I wish I had read author Anne Allen’s blog, “Five Biggest Mistakes New Writers Make” prior to publishing my memoir. It would have saved me some frustration and time.

With my background in newspaper publishing, and with lots of new knowledge about the book publishing industry, I have now discovered some startling similarities between the two fields. And here is my earth-shattering conclusion: Newspaper, magazine and book publishing are changing at warp speed. In the last two decades we’ve gone from fields that were predictable enough to allow writers and publishers to take their money to the bank through traditional marketing and sales channels. In those good ole days, we were all specialists in our niches. In the newspaper business, we relied on cameramen in the pre-press rooms to tweak our photographs, mask around images to cut out backgrounds and otherwise make us look good to our readers. We had reporters, feature writers, editors and publishers with clear lines of demarcation and predictable job descriptions that seldom blurred.

Today, at least at community newspapers, everyone knows a little about features, news, photography, advertising and even videography. Now, instead of publish or die and meet your deadlines or die, journalists know they need to use social media or die. They also must know the meanings of terms like media convergence.

I am discovering similar patterns and challenges in book publishing in the new indie-driven market.
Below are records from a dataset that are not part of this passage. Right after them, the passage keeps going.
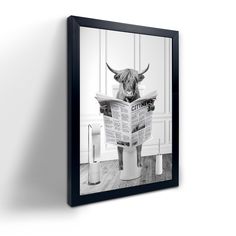 a black and white photo of a cow reading a newspaper on a toilet with the lid down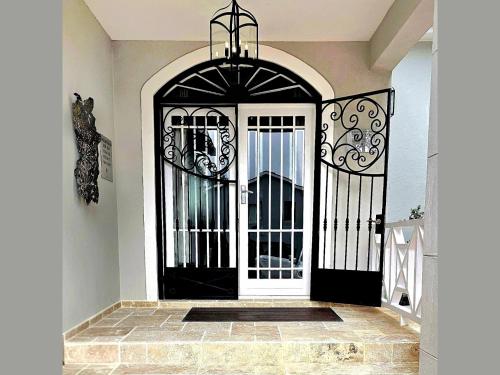 a black and white gate in a house at Fleur du Soleil Luxury Guesthouse in Franschhoek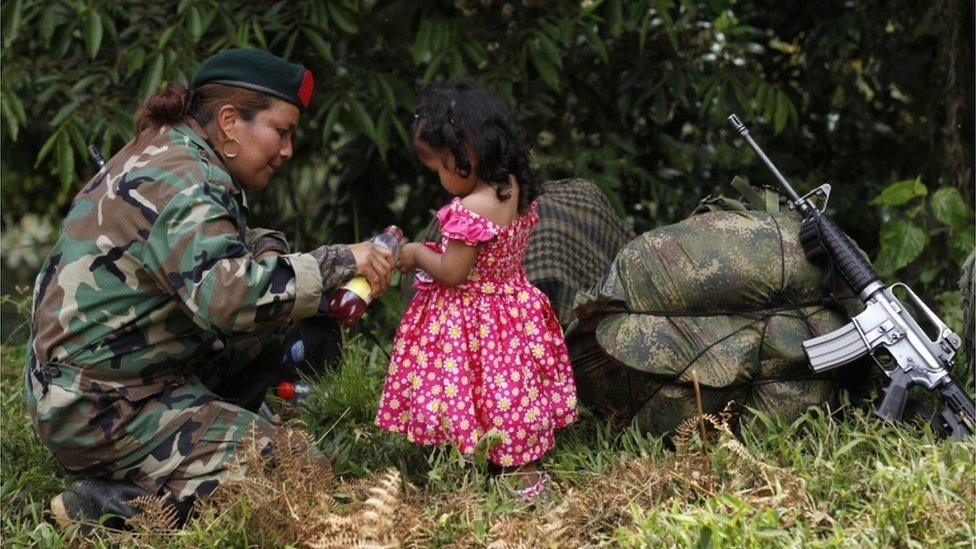 A Farc rebel pours juice for a local girl as she arrives at a transition zone in Cauca province in Colombia on 31 January 2017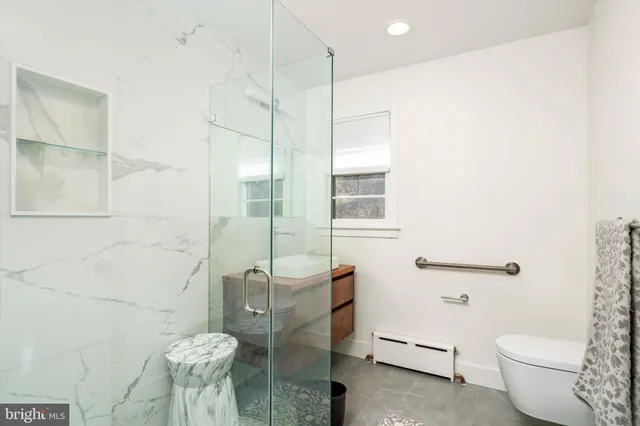 a bathroom with a granite countertop sink a toilet and shower
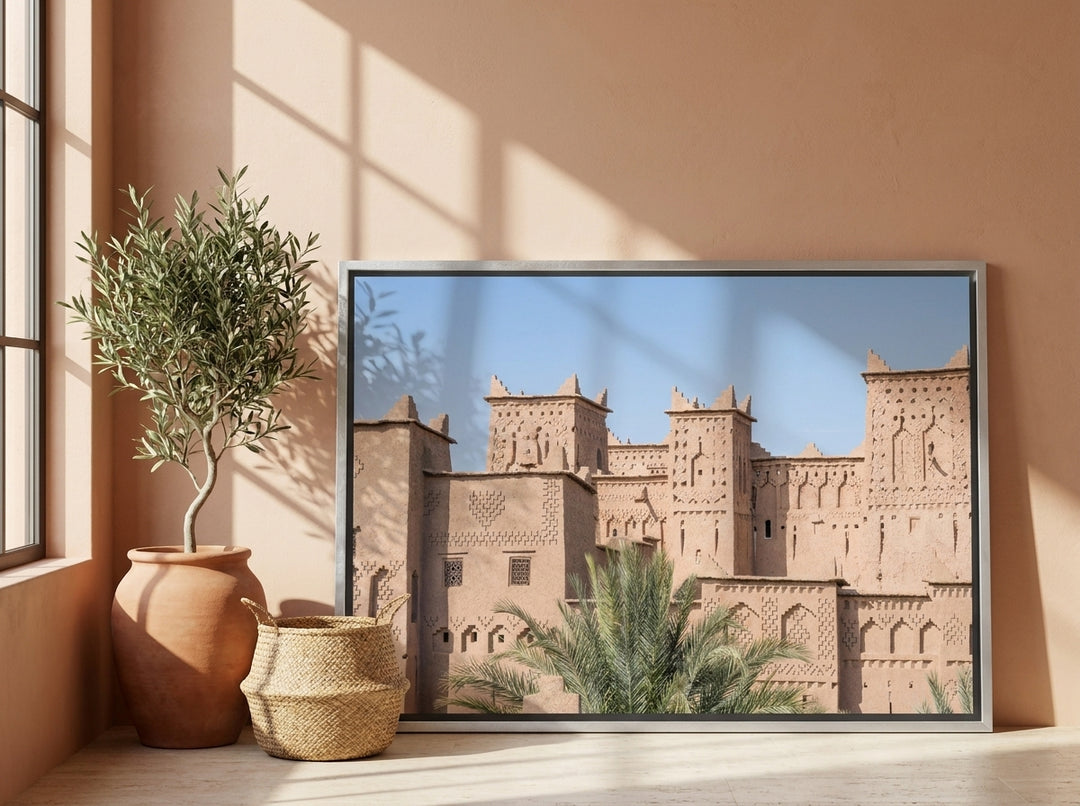 Canvas wall art with a silver leaf surround leaning against the wall in a Mediterranean bedroom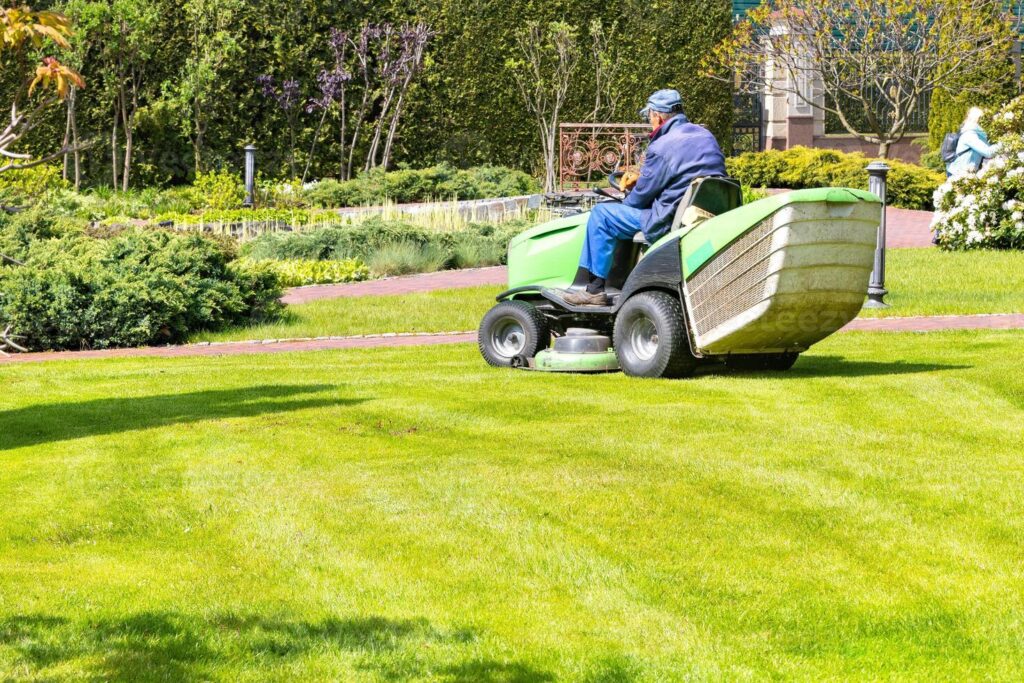 a gardener uses a tractor type industrial lawn mower to cut the grass professional gardening details photo
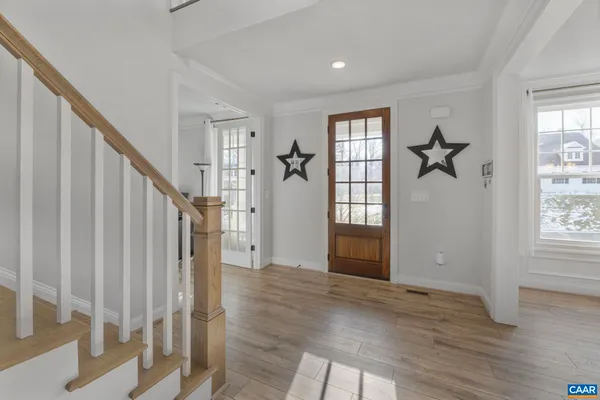 a view of an entryway with wooden floor and livingroom view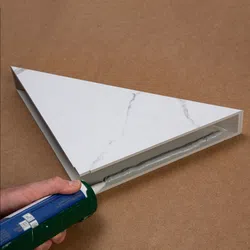Hand applying adhesive with caulking gun to secure white marble-patterned triangular panel on brown surface.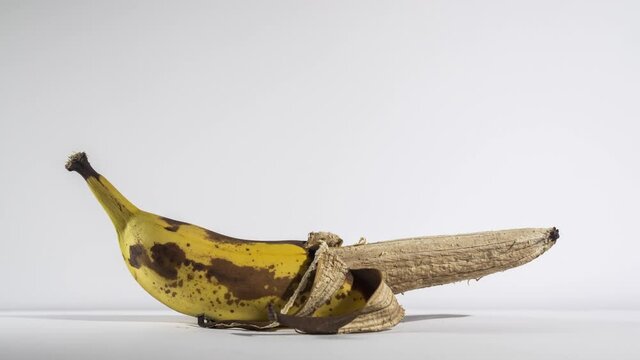 The banana comes to life and rises against a white background. Male Power Concept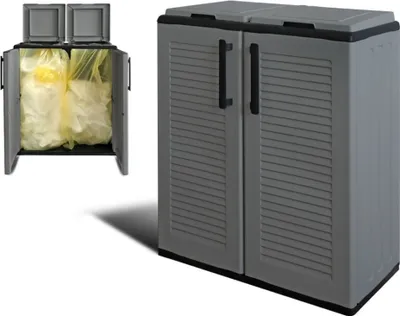 A gray, two-compartment outdoor storage cabinet for trash cans or recycling bins, shown with the doors open to reveal two yellow trash bags inside.
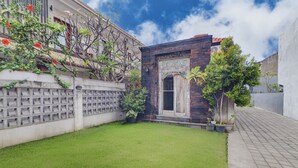 A courtyard with a small garden, a decorative door, and a brick wall. - Collection O Bali Sanur near Bali Mandara Hospital (Denpasar)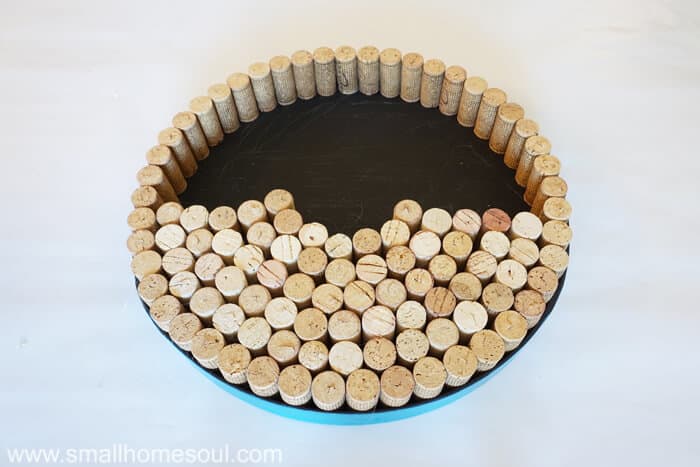 Gluing more corks into lid for DIY wine cork board.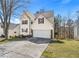 Two-story home featuring an attached garage, driveway, and manicured lawn at 1196 Yellow River Dr, Lawrenceville, GA 30043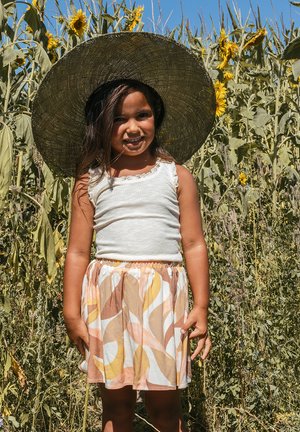 Kind met een wit ribbel topje en een kleurrijke rok met draaien in geel, roze en bruin; grote strohoed; zonnebloemen op de achtergrond.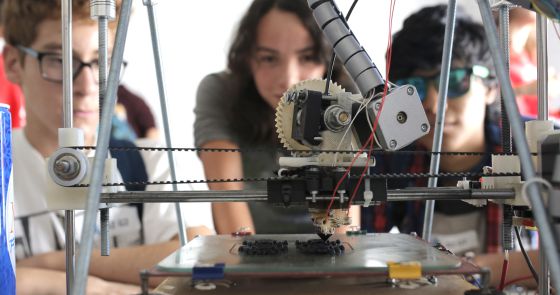Three students watching in awe as the magic happens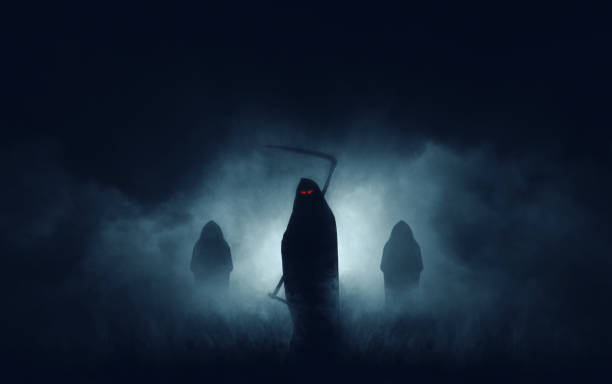 Grim reaper Grim reaper, the death itself, scary horror shot of Grim Reaper in fog holding scythe. murderer photos stock pictures, royalty-free photos & images
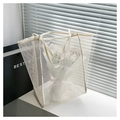 Detailed macro view of white mesh tote bag with reinforced handles and interior flowers - White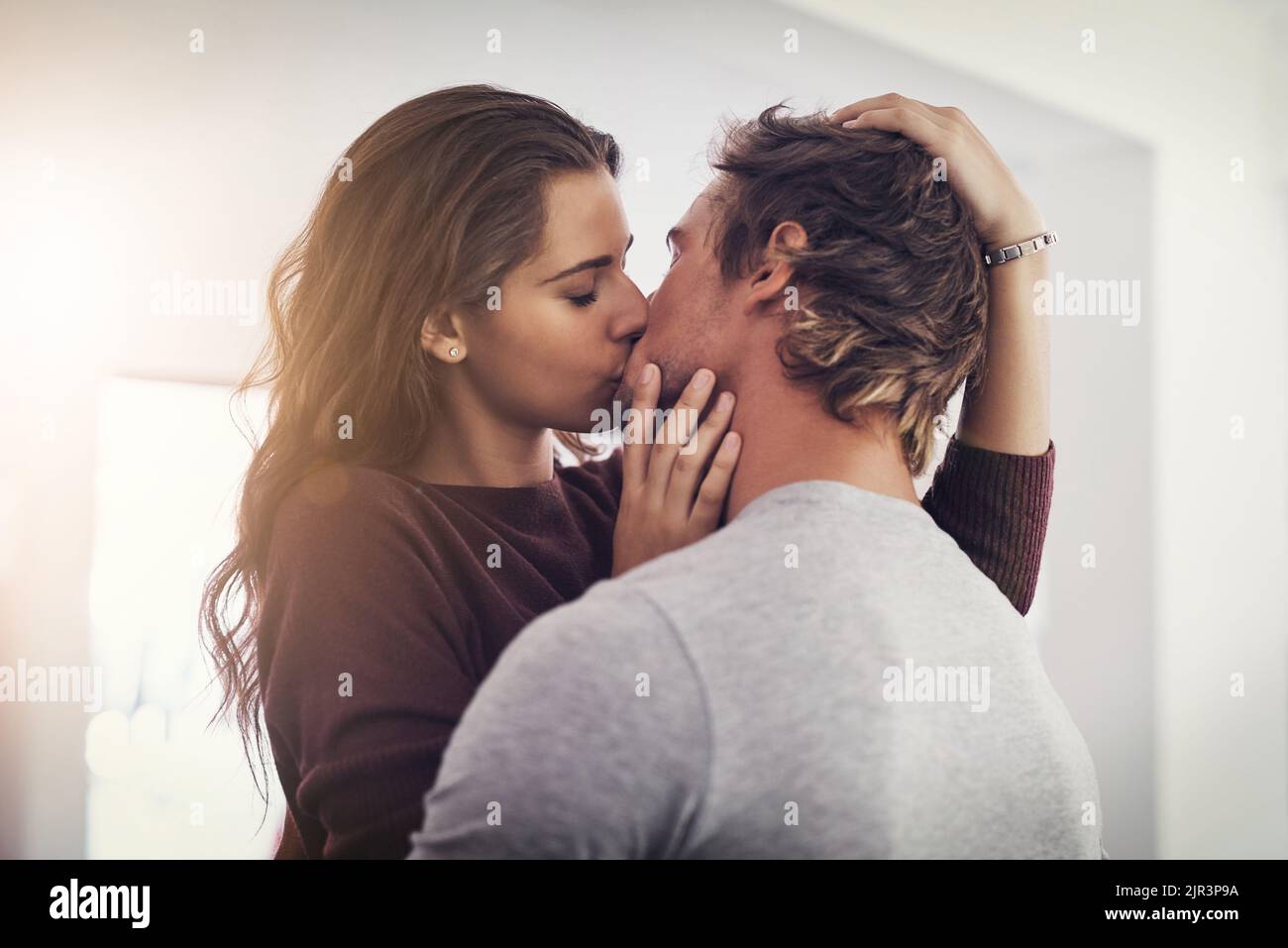 He gives the best kisses. a young couple making out in the kitchen. Stock Photo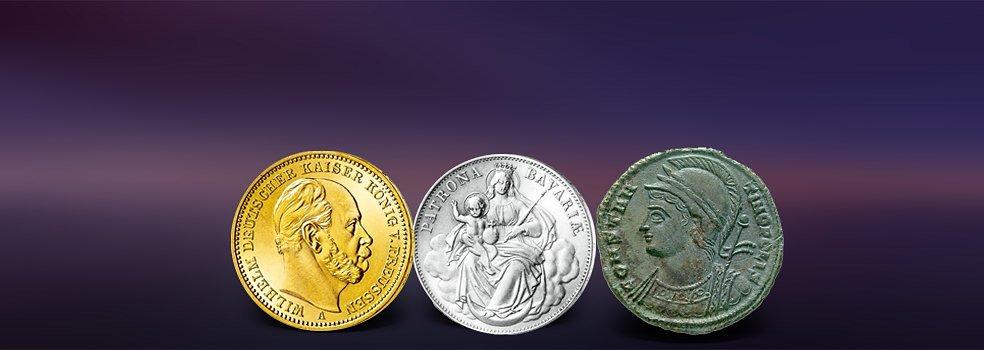 Drei echte historische Münzen auf einem Bild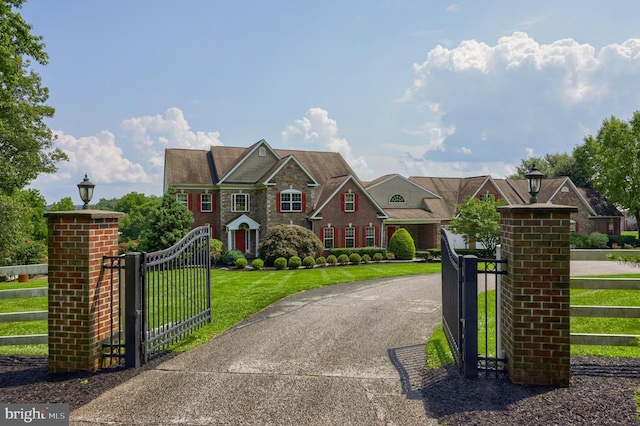 view of front of home with a front lawn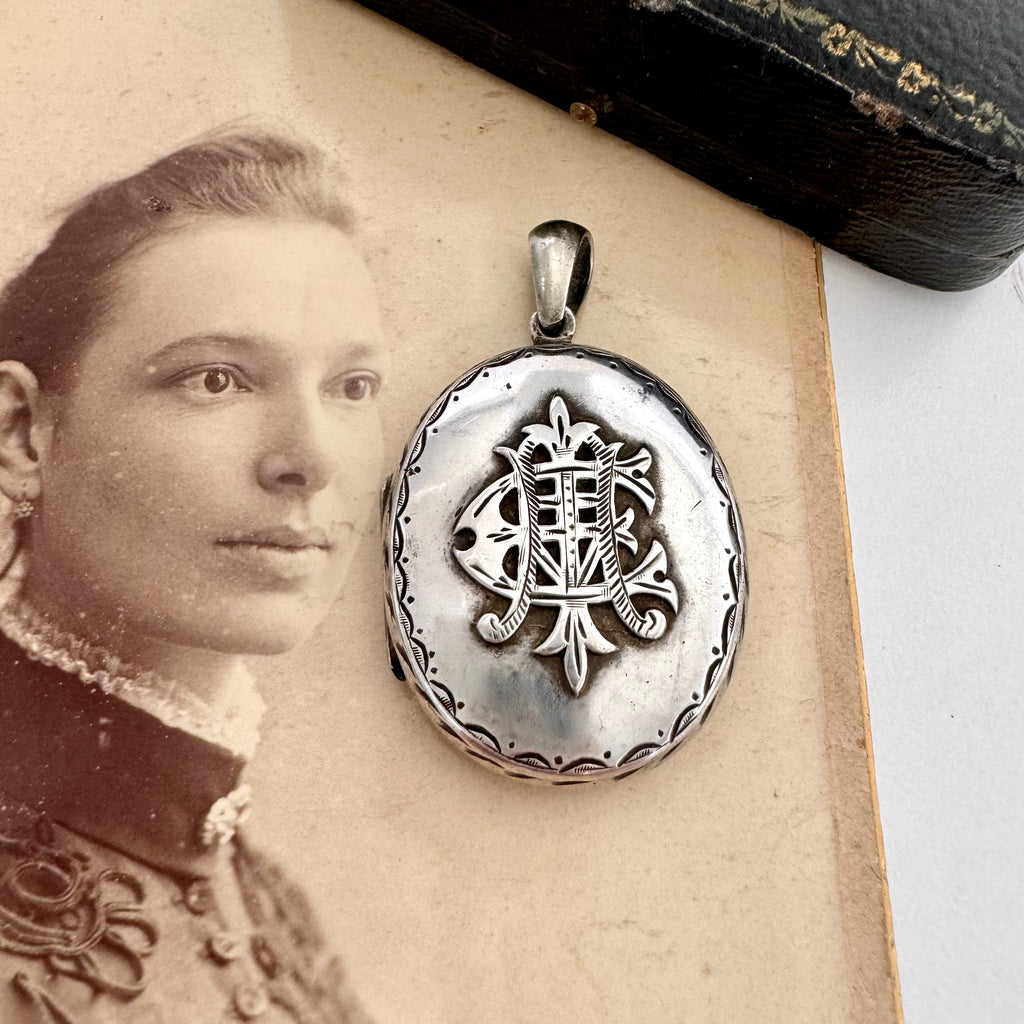 Vonk Jewellery Victorian silver Amity, Eternity and Infinity locket on an antique photo of a woman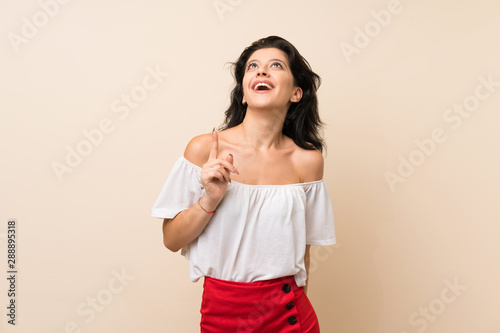 Young woman over isolated background pointing up and surprised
Way back when, in the infancy of my newspaper career, all I really wanted to do was write. But I had to learn how to sell advertising too, among sundry other skills. Now, in my second, late-advent career, all I want to do is write, but there is little time for that when your days are consumed with learning new tricks in the hope of someday selling your writing.

It’s enough to make an old writer want to die and be reborn as a 30-year-old.